Talking about the notions of the society in bringing up sons and daughters to encounter such cases, Sohaila says, “My daughter was in class three and she didn’t want to go for school trips. When I asked her why she said there was a boy who used to pull her hair every time they would stand in a line and she also added that sometimes he blows on my neck. This used to bug her and since she was shy she never said anything to him. So when I informed the teacher, she said: “oh ya, he has a huge crush on her”. I am giving you this example to tell you that how is all this okay? These are all assumptions that are taken lightly, that a small boy likes a small girl, but when he grows up to go to college and asks someone on a date and if she refuses to go out with him, what is he going to do? Is he going to think that it’s his right to covet her?”
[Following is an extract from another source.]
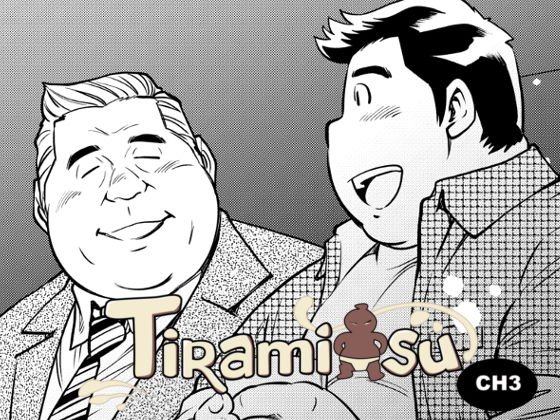 PULL ME ON CH3 メイン画像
“I met a woman who is a sex educator at schools and she said that sex education and rape education go together. You can’t say rape is sex because it’s not. But if you teach people that sex is for pleasure for men and not women then you are getting into a really shady ground there. Rape is a sexual act which involves violence, whereas sex is a joyful consensual act. I agree you can’t talk about rape without talking about sex as it is a sexual act of violence so sometimes we just put it out there and don’t realise that it is a perversion of something that is acceptable. We often confuse sex with rape because what do you call a marriage when somebody as old as 13 or 14 years is married off to an older guy and they go off on a wedding night. What follows is sex or rape? Rape, right? So we do need to talk about this or we often confuse the two.”
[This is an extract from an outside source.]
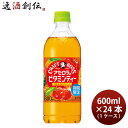 サントリー クラフトボス アセロラのビタミンティー ペット 600ml × 1ケース / 24本 リニューアル 02/06以降切替新旧指定不可 のし・ギフト・サンプル各種対応不可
On the ongoing #MeToo Movement, Sohaila said, “We think that we are talking about rape but what we are not really talking about are some of the things that really matter. If we just have people talking about this thing happened to me or that happened to me, we are not exploring bits of it that don’t come out. We need to open up our minds a little bit on what people go through and not expect them to behave a certain way or be traumatised in some ways and not in others. We need to give that space to the victims to open it up and we don’t have to look at them in a way where they have to behave in a certain way.”

On being asked what are the affirmative actions that should be taken on marital rape, Sohaila said, “The first affirmative action is that law should be changed. It’s ridiculous that marital rape is not considered rape. Laws become of what people think and one can only hope that most people think that it’s not okay.”

How is the #MeToo movement equipping women in the process of reporting and speaking up on such instances, Sohalia added, “The movement doesn’t do that yet. I don’t live in India but I haven’t heard that anything has changed at the level of police, according to the reports. Me Too movement is a great start that needs to go further and I really hope that helps women to come out.”